Re: Access to remote network across a VPN
- From: "mcaissie" <mcaissie@xxxxxxxxxxxxxxxxxxx>
- Date: Wed, 21 Jun 2006 21:20:10 GMT
%PIX-3-305006: portmap translation creation failed for icmp src
inside-HBG:10.3.0.5 dst inside-HBG:10.2.0.5 (type 8, code 0)
If the PIX tried to create a translation for 10.3 to 10.2 , it means
that you have a missing line in your nat 0 statement for the inside (
your nat_inside acl)
"Scott Townsend" <scott-i@.-N0-SPAMplease.enm.com> wrote in message
news:snimg.55151$Lm5.2450@xxxxxxxxxxxxxxxxxxxxxxxxxxxxx
I do have that in there. I think I messed something else up.

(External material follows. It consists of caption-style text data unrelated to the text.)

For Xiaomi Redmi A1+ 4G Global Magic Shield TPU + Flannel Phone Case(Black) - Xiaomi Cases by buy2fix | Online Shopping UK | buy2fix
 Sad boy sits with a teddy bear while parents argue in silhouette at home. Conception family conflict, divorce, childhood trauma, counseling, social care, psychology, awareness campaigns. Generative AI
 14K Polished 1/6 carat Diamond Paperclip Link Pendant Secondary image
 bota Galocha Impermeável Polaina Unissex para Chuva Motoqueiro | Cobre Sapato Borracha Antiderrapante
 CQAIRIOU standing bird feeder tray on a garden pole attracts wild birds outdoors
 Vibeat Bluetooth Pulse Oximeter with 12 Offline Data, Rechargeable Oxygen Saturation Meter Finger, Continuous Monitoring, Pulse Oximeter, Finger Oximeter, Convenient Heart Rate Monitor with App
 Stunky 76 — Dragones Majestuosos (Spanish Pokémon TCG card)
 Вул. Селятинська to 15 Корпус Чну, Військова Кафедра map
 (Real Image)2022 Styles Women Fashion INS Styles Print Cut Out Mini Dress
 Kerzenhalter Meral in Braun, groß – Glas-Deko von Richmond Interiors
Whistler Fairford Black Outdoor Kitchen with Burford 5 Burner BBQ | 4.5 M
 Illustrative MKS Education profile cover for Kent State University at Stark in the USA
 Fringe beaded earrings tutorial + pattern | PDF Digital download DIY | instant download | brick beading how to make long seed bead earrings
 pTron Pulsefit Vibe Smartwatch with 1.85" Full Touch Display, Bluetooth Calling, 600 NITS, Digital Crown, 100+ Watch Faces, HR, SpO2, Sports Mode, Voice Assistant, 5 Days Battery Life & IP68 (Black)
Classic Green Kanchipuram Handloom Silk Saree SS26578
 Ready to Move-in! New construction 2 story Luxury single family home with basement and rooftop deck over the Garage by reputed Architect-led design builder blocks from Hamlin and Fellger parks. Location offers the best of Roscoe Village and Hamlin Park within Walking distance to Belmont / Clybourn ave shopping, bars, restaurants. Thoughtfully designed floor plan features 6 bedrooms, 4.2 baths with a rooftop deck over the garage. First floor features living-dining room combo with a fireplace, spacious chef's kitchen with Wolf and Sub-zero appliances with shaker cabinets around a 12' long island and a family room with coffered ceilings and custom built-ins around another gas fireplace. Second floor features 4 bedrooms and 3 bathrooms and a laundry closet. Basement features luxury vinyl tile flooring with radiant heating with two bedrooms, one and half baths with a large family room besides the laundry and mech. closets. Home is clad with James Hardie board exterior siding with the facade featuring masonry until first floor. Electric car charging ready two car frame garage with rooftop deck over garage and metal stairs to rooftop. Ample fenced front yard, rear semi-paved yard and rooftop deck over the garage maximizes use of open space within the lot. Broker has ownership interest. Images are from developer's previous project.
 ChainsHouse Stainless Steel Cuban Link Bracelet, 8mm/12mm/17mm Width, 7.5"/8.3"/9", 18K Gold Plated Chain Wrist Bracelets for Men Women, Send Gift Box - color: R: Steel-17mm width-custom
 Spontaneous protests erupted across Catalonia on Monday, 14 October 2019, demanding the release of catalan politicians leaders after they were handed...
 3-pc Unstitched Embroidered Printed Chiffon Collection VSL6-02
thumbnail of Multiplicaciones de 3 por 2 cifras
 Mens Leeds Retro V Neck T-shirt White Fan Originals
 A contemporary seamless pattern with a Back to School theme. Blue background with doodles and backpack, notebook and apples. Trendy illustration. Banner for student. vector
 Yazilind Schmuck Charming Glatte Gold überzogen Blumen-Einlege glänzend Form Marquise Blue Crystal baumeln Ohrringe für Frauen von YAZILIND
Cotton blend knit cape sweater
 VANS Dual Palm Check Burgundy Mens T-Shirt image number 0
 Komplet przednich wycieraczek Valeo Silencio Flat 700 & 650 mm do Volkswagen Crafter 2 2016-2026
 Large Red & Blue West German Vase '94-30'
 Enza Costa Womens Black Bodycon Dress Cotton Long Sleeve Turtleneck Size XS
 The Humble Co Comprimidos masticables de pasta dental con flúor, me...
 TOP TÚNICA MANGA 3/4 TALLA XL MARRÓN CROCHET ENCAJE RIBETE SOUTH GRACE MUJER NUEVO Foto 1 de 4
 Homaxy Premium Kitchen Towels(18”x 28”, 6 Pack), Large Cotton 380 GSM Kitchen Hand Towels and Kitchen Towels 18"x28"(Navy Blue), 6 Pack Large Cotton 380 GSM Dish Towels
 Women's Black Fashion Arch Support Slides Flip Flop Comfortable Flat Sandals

I can no longer initiate a communication from 10.1.0.0 to 10.2.0.0
I can initiate connections from 10.2.0.0 to 10.1.0.0
So I can terminal serve, access server shares, etc to machines in 10.1.0.0
from 10.2.0.0 but not the other way around...
Now I'm getting the Following in the log of PIX A
%PIX-3-305006: portmap translation creation failed for icmp src
inside-HBG:10.3.0.5 dst inside-HBG:10.2.0.5 (type 8, code 0)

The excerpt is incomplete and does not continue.